### WORK REQUEST
Retype the complete listing exactly as it appears.

### EXERCISE DATA

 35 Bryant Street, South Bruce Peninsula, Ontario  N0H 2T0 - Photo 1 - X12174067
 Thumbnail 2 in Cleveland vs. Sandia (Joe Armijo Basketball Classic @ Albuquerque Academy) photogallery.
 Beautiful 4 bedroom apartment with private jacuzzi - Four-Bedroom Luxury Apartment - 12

### WRITTEN RESPONSE
 35 Bryant Street, South Bruce Peninsula, Ontario  N0H 2T0 - Photo 1 - X12174067
 Thumbnail 2 in Cleveland vs. Sandia (Joe Armijo Basketball Classic @ Albuquerque Academy) photogallery.
 Beautiful 4 bedroom apartment with private jacuzzi - Four-Bedroom Luxury Apartment - 12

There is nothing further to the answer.